─── Data shown ───

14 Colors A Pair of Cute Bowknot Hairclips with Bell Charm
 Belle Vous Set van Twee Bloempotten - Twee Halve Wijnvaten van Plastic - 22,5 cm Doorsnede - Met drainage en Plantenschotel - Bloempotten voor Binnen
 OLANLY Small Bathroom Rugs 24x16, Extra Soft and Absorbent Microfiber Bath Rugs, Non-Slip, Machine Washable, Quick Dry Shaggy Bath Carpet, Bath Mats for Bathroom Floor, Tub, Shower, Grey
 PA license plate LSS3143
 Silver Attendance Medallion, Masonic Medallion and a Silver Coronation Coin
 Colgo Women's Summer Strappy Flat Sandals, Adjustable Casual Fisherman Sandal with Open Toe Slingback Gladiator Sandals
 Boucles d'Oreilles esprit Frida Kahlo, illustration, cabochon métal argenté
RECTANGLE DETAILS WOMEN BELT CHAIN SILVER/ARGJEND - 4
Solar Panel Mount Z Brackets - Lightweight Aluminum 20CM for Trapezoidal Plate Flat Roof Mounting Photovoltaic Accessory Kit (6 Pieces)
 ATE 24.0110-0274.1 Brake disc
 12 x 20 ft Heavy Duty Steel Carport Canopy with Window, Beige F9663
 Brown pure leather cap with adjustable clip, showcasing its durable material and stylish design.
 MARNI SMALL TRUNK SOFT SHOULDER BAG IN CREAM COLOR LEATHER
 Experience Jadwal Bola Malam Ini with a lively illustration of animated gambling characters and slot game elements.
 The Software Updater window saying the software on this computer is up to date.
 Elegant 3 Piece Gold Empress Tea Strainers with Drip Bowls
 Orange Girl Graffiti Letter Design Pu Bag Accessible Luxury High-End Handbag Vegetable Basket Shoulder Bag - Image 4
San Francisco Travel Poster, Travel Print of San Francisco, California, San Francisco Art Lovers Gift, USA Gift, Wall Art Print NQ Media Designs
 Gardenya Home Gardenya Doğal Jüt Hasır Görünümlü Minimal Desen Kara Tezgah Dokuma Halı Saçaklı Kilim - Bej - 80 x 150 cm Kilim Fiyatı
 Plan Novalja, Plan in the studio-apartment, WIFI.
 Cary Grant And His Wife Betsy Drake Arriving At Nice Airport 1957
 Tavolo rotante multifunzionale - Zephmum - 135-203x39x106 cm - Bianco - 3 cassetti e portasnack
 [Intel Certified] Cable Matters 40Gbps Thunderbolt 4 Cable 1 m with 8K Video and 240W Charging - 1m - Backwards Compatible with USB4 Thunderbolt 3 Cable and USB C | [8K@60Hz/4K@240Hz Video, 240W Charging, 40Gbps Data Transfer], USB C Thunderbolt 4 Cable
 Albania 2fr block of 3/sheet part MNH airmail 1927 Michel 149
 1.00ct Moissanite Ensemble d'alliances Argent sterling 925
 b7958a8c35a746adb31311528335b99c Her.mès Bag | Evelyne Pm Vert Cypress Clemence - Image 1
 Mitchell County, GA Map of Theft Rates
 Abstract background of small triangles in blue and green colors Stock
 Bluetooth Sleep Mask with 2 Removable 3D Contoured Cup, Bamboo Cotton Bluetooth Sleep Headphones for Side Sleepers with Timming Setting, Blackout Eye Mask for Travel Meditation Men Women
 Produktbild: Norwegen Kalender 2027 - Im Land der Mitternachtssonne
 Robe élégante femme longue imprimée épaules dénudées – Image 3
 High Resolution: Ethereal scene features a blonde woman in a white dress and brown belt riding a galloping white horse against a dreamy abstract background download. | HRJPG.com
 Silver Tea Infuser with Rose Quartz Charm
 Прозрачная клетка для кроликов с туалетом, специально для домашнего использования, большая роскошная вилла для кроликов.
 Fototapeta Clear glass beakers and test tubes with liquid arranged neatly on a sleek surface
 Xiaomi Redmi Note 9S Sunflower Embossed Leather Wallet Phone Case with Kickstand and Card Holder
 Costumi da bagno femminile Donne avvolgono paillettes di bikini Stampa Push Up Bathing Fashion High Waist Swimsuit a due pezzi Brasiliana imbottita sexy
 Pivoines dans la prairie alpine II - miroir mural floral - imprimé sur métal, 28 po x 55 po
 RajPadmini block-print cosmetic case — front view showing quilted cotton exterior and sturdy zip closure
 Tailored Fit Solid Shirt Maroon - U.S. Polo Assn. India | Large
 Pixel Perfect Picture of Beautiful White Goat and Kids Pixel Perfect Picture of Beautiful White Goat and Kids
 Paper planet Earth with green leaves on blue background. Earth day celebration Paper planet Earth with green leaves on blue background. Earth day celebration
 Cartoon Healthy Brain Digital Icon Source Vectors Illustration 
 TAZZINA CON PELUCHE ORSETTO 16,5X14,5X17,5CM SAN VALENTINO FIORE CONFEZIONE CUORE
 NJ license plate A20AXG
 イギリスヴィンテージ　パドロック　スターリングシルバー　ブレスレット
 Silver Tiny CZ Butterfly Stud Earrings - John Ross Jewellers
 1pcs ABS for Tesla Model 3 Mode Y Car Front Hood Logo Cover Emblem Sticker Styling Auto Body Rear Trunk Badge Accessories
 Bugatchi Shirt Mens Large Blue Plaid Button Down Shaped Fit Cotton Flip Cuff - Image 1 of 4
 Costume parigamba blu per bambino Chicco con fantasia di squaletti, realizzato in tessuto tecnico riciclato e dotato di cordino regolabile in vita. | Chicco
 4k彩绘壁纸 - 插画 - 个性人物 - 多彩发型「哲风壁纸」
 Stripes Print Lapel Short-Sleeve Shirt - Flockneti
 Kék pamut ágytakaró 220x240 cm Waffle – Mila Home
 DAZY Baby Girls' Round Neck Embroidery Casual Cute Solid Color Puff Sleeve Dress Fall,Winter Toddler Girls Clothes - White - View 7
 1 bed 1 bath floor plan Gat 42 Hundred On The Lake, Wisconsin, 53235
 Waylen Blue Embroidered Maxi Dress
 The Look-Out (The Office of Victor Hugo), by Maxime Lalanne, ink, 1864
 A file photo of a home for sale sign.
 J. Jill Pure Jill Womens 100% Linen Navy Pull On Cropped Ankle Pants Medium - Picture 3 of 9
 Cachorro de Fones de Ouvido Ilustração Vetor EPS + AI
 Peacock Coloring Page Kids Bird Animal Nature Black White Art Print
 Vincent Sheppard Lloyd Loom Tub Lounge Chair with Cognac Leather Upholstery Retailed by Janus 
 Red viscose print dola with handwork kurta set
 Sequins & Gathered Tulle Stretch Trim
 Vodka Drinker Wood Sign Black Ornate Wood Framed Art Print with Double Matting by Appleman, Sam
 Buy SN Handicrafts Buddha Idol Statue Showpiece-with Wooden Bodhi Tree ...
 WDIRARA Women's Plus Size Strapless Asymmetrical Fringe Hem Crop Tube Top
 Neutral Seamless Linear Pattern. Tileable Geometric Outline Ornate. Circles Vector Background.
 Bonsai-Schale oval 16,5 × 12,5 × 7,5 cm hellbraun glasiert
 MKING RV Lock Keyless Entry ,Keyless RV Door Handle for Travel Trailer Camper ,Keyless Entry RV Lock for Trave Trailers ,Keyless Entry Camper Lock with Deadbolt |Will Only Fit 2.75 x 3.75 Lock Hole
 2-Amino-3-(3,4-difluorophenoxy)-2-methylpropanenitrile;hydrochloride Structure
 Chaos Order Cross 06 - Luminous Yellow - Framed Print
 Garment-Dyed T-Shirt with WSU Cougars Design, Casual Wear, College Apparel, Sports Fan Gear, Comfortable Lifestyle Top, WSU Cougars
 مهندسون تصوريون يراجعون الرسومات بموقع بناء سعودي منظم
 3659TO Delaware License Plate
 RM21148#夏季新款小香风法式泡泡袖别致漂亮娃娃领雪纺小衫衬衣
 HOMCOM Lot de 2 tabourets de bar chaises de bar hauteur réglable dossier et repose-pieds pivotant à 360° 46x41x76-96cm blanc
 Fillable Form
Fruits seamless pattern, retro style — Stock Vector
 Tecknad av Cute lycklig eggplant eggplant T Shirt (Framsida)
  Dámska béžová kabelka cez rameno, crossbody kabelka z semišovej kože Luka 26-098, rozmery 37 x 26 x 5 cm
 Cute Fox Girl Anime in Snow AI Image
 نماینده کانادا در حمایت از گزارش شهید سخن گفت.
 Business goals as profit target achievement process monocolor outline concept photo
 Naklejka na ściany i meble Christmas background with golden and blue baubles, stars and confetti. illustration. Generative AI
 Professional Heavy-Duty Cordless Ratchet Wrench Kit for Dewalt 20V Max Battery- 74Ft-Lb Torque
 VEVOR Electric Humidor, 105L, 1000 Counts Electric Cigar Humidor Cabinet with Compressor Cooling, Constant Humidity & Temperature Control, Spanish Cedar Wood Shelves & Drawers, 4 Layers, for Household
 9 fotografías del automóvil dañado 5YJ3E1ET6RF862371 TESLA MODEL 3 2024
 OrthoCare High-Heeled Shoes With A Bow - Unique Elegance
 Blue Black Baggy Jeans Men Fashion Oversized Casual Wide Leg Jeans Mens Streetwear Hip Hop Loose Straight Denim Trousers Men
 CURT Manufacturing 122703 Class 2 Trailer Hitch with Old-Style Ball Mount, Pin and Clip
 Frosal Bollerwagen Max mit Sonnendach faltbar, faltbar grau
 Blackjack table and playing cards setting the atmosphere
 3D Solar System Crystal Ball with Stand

───

• What the task requires
Search the data above for the word "Image" and show every line that has it.

• Exercise result
 Orange Girl Graffiti Letter Design Pu Bag Accessible Luxury High-End Handbag Vegetable Basket Shoulder Bag - Image 4
 b7958a8c35a746adb31311528335b99c Her.mès Bag | Evelyne Pm Vert Cypress Clemence - Image 1
 Robe élégante femme longue imprimée épaules dénudées – Image 3
 Bugatchi Shirt Mens Large Blue Plaid Button Down Shaped Fit Cotton Flip Cuff - Image 1 of 4
 Cute Fox Girl Anime in Snow AI Image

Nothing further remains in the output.